WHAT YOU NEED TO DO => Repeat the lines of the data exactly, from the first one through the one that contains "Fringe Street Performer".

------------------------------------------------------------

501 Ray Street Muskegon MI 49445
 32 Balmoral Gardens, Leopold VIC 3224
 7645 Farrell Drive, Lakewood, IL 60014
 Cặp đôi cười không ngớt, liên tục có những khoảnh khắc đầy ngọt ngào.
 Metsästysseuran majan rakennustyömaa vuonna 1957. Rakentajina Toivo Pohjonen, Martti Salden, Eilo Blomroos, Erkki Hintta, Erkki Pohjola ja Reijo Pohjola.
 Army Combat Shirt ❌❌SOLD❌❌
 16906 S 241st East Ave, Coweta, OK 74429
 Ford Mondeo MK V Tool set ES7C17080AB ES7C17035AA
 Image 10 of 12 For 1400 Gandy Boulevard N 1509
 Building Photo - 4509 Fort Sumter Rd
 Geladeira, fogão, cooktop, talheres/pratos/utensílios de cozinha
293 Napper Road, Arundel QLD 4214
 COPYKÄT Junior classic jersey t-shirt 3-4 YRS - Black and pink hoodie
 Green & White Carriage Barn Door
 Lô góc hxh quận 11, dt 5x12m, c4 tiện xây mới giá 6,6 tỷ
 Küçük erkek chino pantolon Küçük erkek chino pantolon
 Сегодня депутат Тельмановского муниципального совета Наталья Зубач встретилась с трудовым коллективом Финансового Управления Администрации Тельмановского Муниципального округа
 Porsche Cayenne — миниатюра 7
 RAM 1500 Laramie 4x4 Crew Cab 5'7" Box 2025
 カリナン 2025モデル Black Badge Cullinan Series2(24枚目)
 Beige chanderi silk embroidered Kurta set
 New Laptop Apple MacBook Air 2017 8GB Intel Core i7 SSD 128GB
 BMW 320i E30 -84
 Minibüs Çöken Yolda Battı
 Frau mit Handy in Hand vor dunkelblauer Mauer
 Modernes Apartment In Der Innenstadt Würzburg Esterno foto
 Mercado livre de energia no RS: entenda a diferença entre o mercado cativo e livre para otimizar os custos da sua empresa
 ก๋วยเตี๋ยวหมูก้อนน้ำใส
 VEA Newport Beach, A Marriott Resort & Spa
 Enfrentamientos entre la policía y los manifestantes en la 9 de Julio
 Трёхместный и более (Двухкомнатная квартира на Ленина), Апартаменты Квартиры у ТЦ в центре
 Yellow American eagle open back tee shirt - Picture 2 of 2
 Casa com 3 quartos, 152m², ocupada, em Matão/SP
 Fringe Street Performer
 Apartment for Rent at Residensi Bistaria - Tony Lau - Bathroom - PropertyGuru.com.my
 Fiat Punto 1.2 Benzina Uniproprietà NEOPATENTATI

------------------------------------------------------------

FINISHED TASK =>
501 Ray Street Muskegon MI 49445
 32 Balmoral Gardens, Leopold VIC 3224
 7645 Farrell Drive, Lakewood, IL 60014
 Cặp đôi cười không ngớt, liên tục có những khoảnh khắc đầy ngọt ngào.
 Metsästysseuran majan rakennustyömaa vuonna 1957. Rakentajina Toivo Pohjonen, Martti Salden, Eilo Blomroos, Erkki Hintta, Erkki Pohjola ja Reijo Pohjola.
 Army Combat Shirt ❌❌SOLD❌❌
 16906 S 241st East Ave, Coweta, OK 74429
 Ford Mondeo MK V Tool set ES7C17080AB ES7C17035AA
 Image 10 of 12 For 1400 Gandy Boulevard N 1509
 Building Photo - 4509 Fort Sumter Rd
 Geladeira, fogão, cooktop, talheres/pratos/utensílios de cozinha
293 Napper Road, Arundel QLD 4214
 COPYKÄT Junior classic jersey t-shirt 3-4 YRS - Black and pink hoodie
 Green & White Carriage Barn Door
 Lô góc hxh quận 11, dt 5x12m, c4 tiện xây mới giá 6,6 tỷ
 Küçük erkek chino pantolon Küçük erkek chino pantolon
 Сегодня депутат Тельмановского муниципального совета Наталья Зубач встретилась с трудовым коллективом Финансового Управления Администрации Тельмановского Муниципального округа
 Porsche Cayenne — миниатюра 7
 RAM 1500 Laramie 4x4 Crew Cab 5'7" Box 2025
 カリナン 2025モデル Black Badge Cullinan Series2(24枚目)
 Beige chanderi silk embroidered Kurta set
 New Laptop Apple MacBook Air 2017 8GB Intel Core i7 SSD 128GB
 BMW 320i E30 -84
 Minibüs Çöken Yolda Battı
 Frau mit Handy in Hand vor dunkelblauer Mauer
 Modernes Apartment In Der Innenstadt Würzburg Esterno foto
 Mercado livre de energia no RS: entenda a diferença entre o mercado cativo e livre para otimizar os custos da sua empresa
 ก๋วยเตี๋ยวหมูก้อนน้ำใส
 VEA Newport Beach, A Marriott Resort & Spa
 Enfrentamientos entre la policía y los manifestantes en la 9 de Julio
 Трёхместный и более (Двухкомнатная квартира на Ленина), Апартаменты Квартиры у ТЦ в центре
 Yellow American eagle open back tee shirt - Picture 2 of 2
 Casa com 3 quartos, 152m², ocupada, em Matão/SP
 Fringe Street Performer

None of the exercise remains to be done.